• **YOUR OBJECTIVE**
Shown below are entries with pictures; the line with "BIODATA NAMA UNIT" through the line with "XEDZ new travel" is the span to retype exactly, and the pictures stay out.

• **MATERIAL FOR THIS TASK**
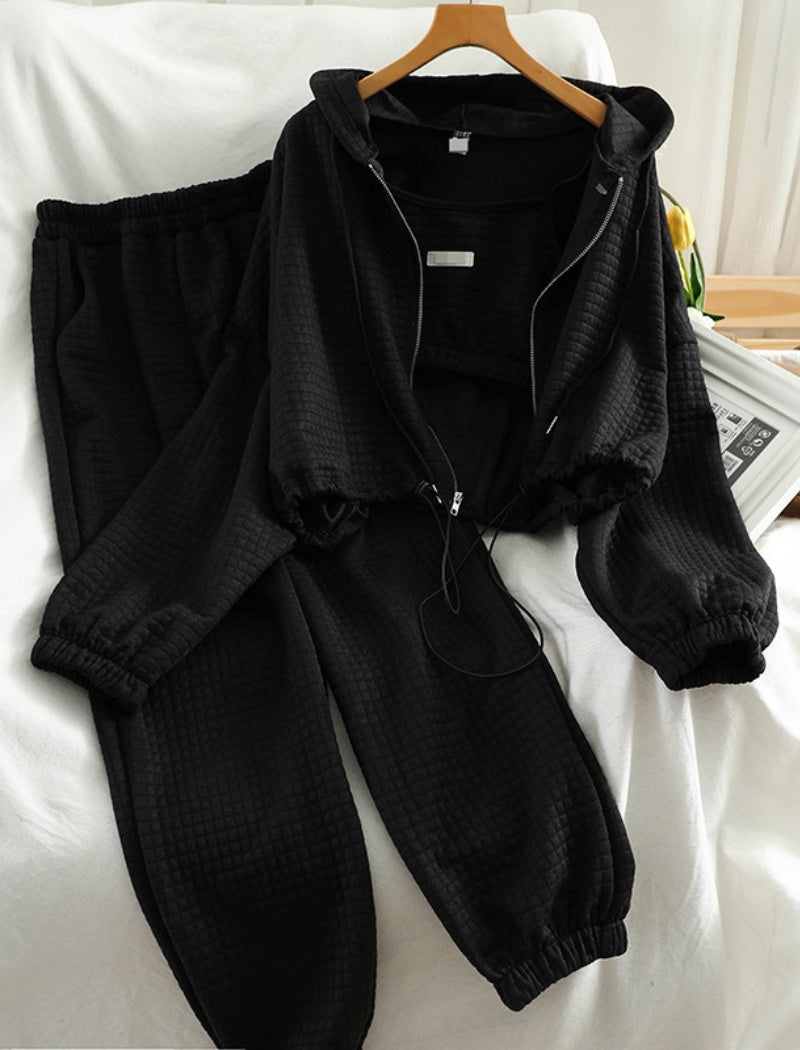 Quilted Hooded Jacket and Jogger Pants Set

--

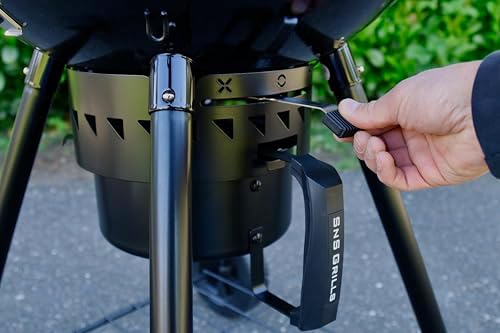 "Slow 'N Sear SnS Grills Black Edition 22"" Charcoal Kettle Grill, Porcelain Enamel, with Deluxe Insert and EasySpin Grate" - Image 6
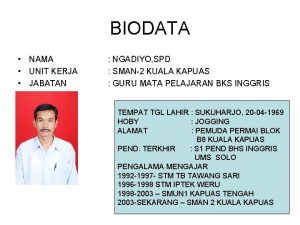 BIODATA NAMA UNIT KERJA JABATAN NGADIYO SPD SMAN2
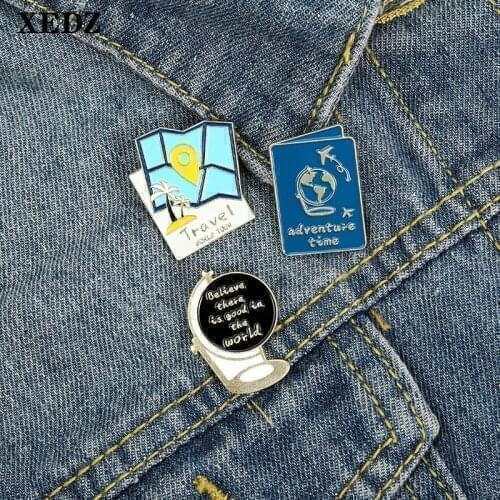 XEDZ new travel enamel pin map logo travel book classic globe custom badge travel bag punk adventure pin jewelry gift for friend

• **THE ANSWER**
 BIODATA NAMA UNIT KERJA JABATAN NGADIYO SPD SMAN2
 XEDZ new travel enamel pin map logo travel book classic globe custom badge travel bag punk adventure pin jewelry gift for friend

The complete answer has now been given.